Asya Djoulaït, « Noire précieuse », sus aux apparences !

1er juin 2020 - par Arnaud Galy 
Asya Djoulaït - © F. Mantovani
Asya Djoulaït
© F. Mantovani

« J’ai grandi à ton ombre ; la douceur de tes mains bandait mes yeux. » Un roman qui s’ouvre par une citation de Léopold Sédar Senghor met la barre très haut. Voilà pourtant le choix d’Asya Djoulaït qui met en libraire, en ces temps épouvantables y compris pour les libraires, Noire précieuse. C’est peu dire que la barre est effacée avec aisance. Du Armand Duplantis dans le texte. Les perchistes apprécieront !

« Noire précieuse » se dévore. Est-ce un roman pur jus ? Un docu-fiction littéraire ? Difficile à dire. Le fait est que le dépaysement est total. Un voyage immobile transporte le lecteur du cœur du Paris africain, ivoirien pour être précis, à Abidjan, en un claquement de doigts. Des coups de balancier nous font remonter le temps. Au cinéma on appellerait ça des flash-back, profitons de l’utilisation de ce terme anglais pour dire que produire un film de ce « Noire précieuse » serait une idée pétillante. Chaque page est aussi visuelle que littéraire. En exagérant le trait, on pourrait même imaginer qu’un étudiant de la FEMIS* entendrait une bande-son en lisant les mots d’Asya Djoulaït.

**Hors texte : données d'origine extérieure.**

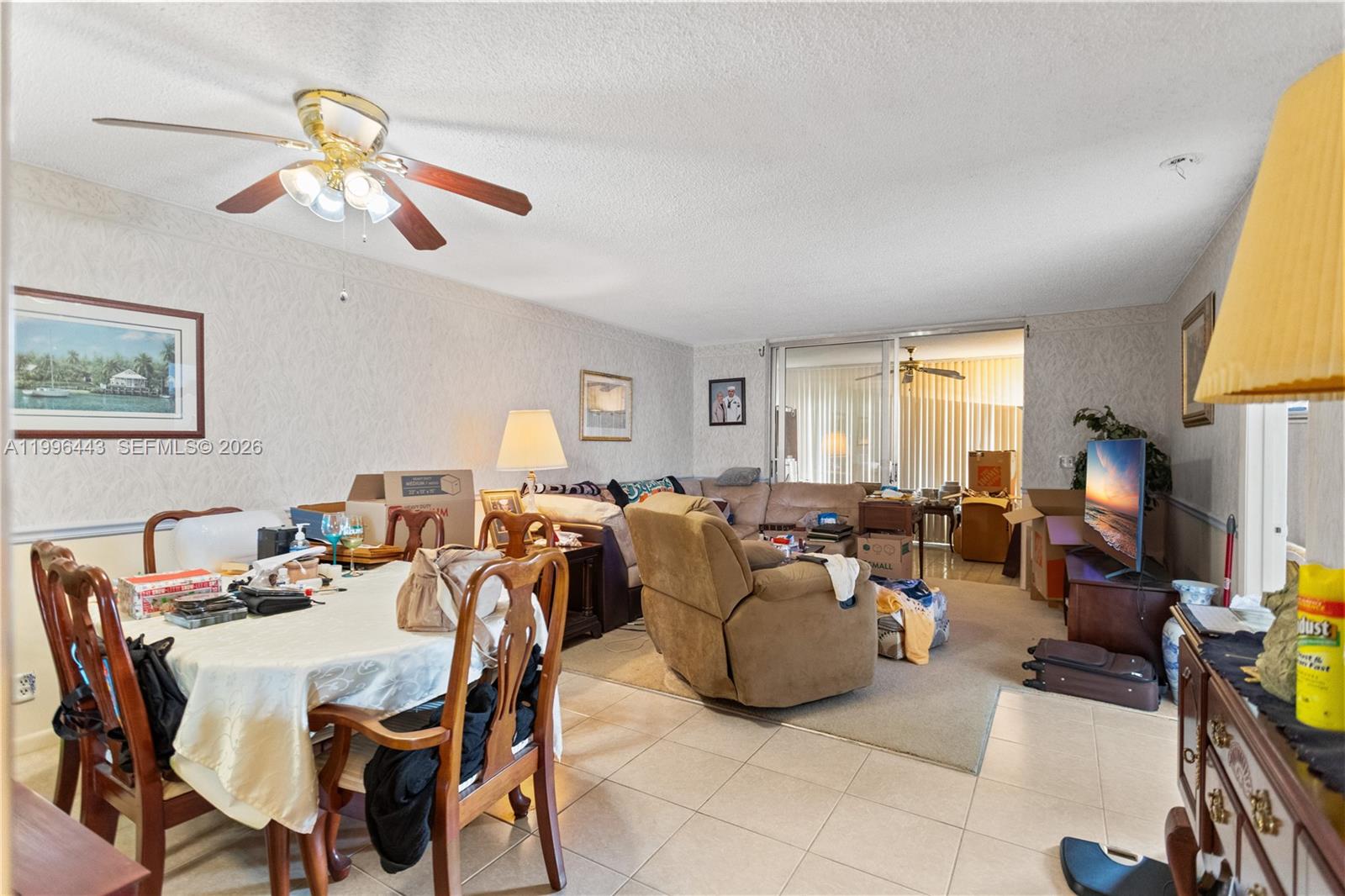 12B OF PALM SPRINGS 2 CON - Residential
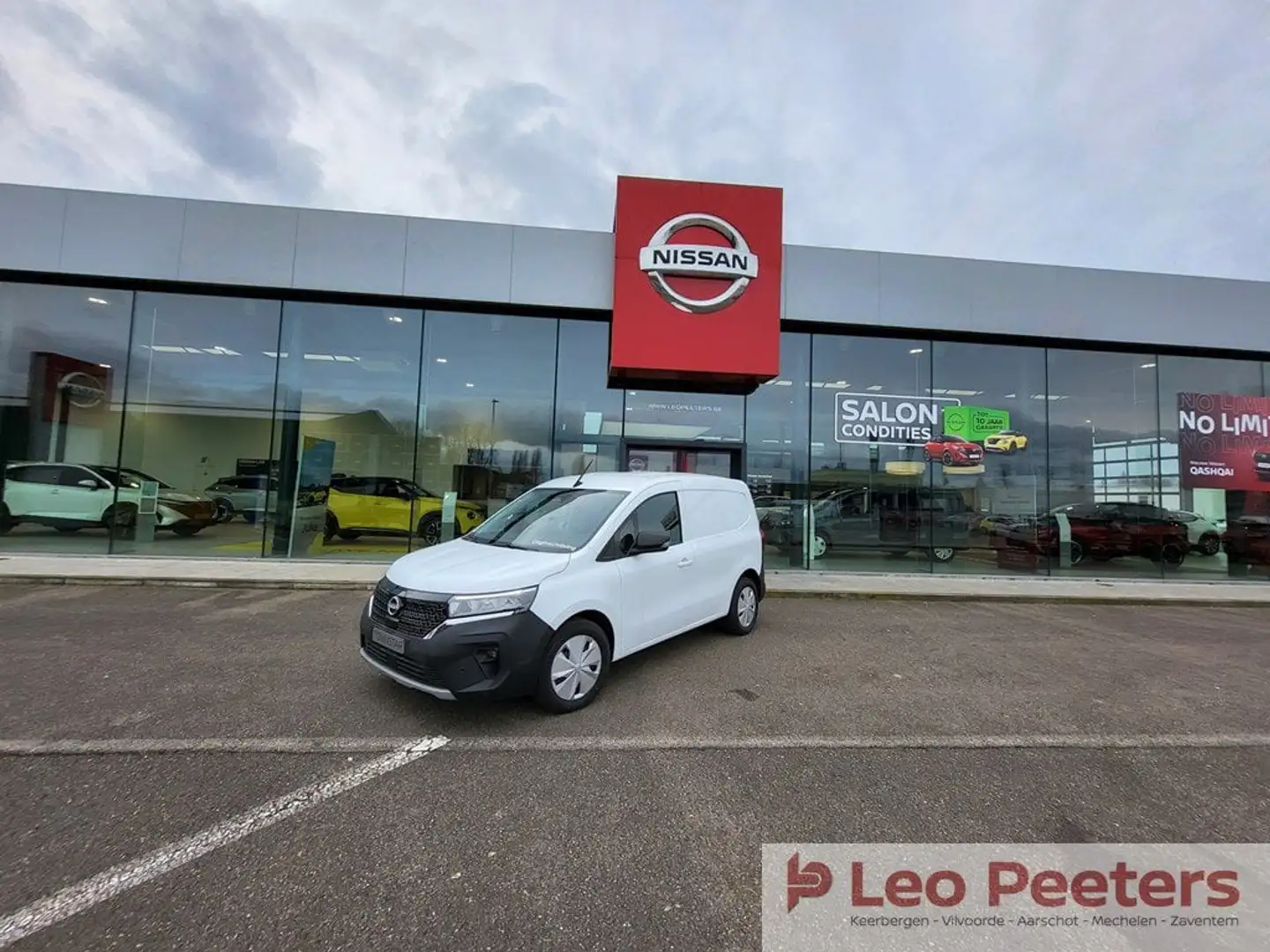 Nissan Townstar n-connecta l1h1 Wit - 1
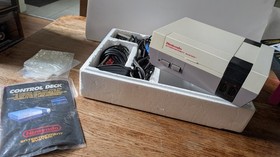 CONSOLE NINTENDO NES CONTROL DECK MARIO BROS EN BOITE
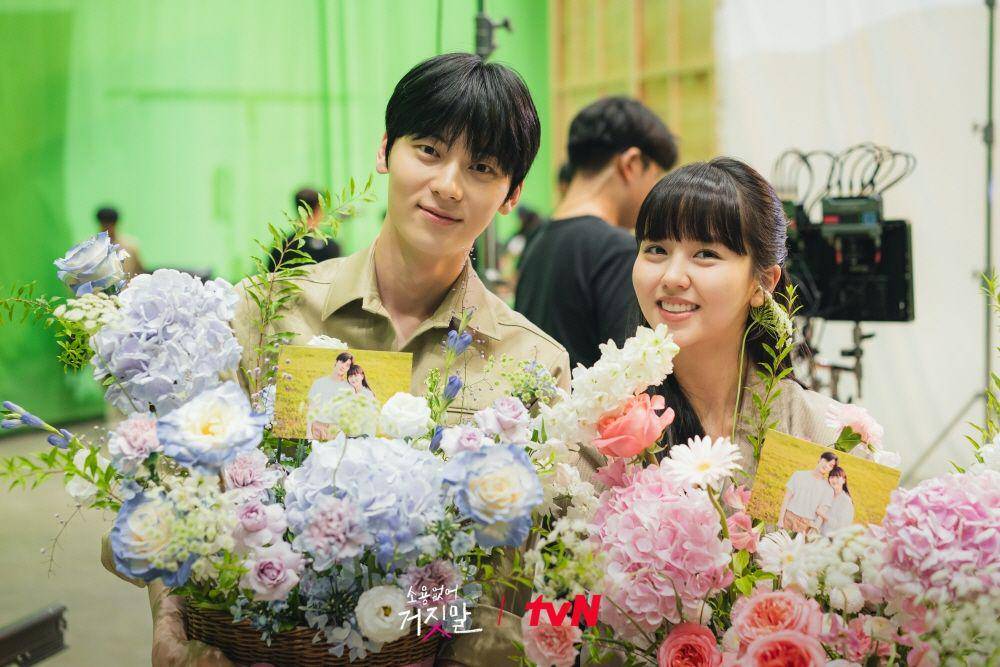 cast My Lovely Liar (instagram.com/tvn_drama)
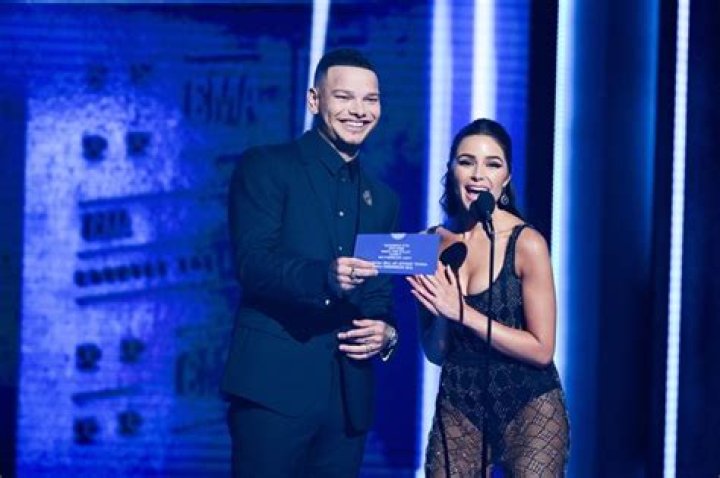 Best Moments — CMA Awards Highlights – Hollywood Life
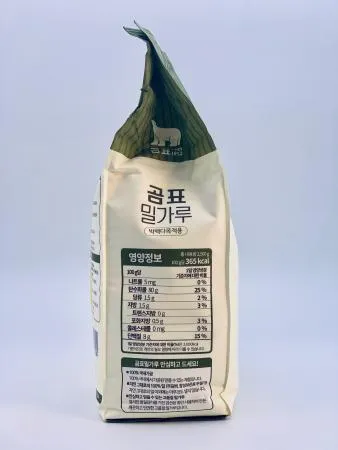 곰표 박력 밀가루 2.5kg / 대한제분, 케이크, 과자, 튀김용, 박력분 이미지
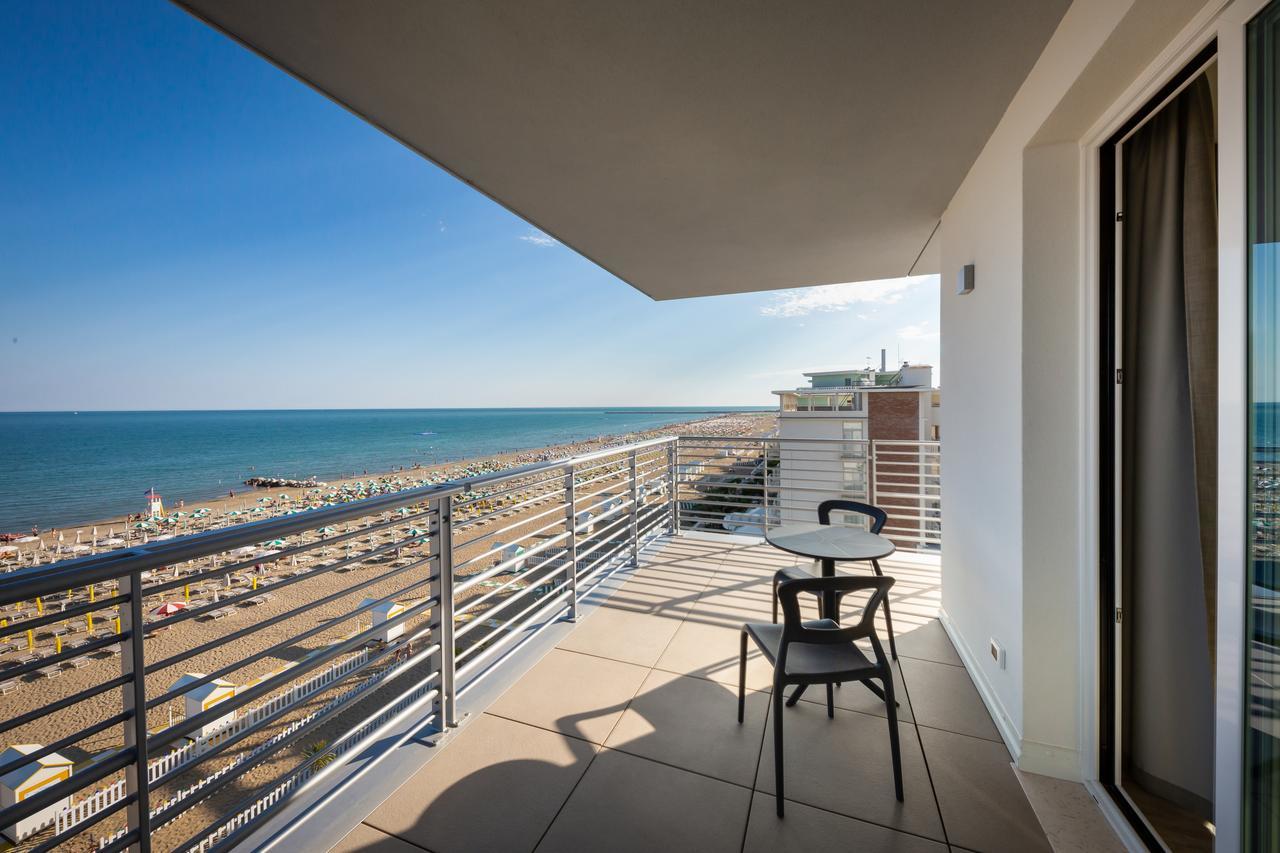 קאורלה Hotel Tritone מראה חיצוני תמונה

Laissons de côté les digressions et autres avis plus que personnels, revenons à notre mouton. Nous sommes Rue du Château-d’Eau. Les boutiques africaines y poussent comme les anacardiers en Côte d’Ivoire. Nos héroïnes, mère et fille, sont aussi différentes que le chien et le chat. Excepté Jésus, tout les sépare... en apparence. Oumou la mère, qui ne voit qu’à travers la dépigmentation de la peau pour faire « blanc » alors qu’au fond d’elle-même le pays, son pays, est toujours là collé à ses semelles. Oumou accorde beaucoup d’importance (trop ?) à l’apparence. Déception, sa fille Céleste, dont les kilos en trop lui bousculent les certitudes, est une brillante lycéenne ! Elle engloutit les études, jusqu’à entrer à H4, pardon Henri IV, le lycée des premiers de cordée où elle forme un duo improbable avec Clémentine, jeune fille en apparence à 180° de l’atmosphère de Château d’Eau. Céleste est profondément française, intégrée, marchant droit vers la réussite sociale. Noire, pourtant.

Noire en dehors et blanche en dedans parce que travailleuse et
cultivée, parce qu’elle allait sortir du quartier. Stoïque,
Céleste essuya les accusations de haute trahison sans tenter
de se justifier.


Elle avait opté pour un chemisier beige bouffant, un
pantalon fluide noir, des ballerines marron. Elle enfila
l’ensemble dès qu’elle sortit de son lit et éprouva de l’embarras
dans cette tenue volumineuse et étriquée. Elle sentit
plus que de coutume pendre le mou de ses bras et la sensation
désagréable de chaleur que provoquait le frottement
de ses cuisses. Elle noua ses cheveux dans un chignon serré.
À grand renfort d’huile de coco, elle plaqua les frisottis qui
s’échappaient de ses rajouts. Lorsque sa mère la vit arriver
dans la cuisine, elle ne put réprimer un rictus :
— Que veut la ministre pour son petit déjeuner ?
Céleste souriait, mais la gêne était perceptible :
— C’est bien comme ça ?
— C’est trop sérieux là. T’as quinze ans-ô, déplora sa
mère qui trouvait que sa fille avait l’allure d’une jeune
veuve, habillée en secrétaire pudique, grosse de surcroît.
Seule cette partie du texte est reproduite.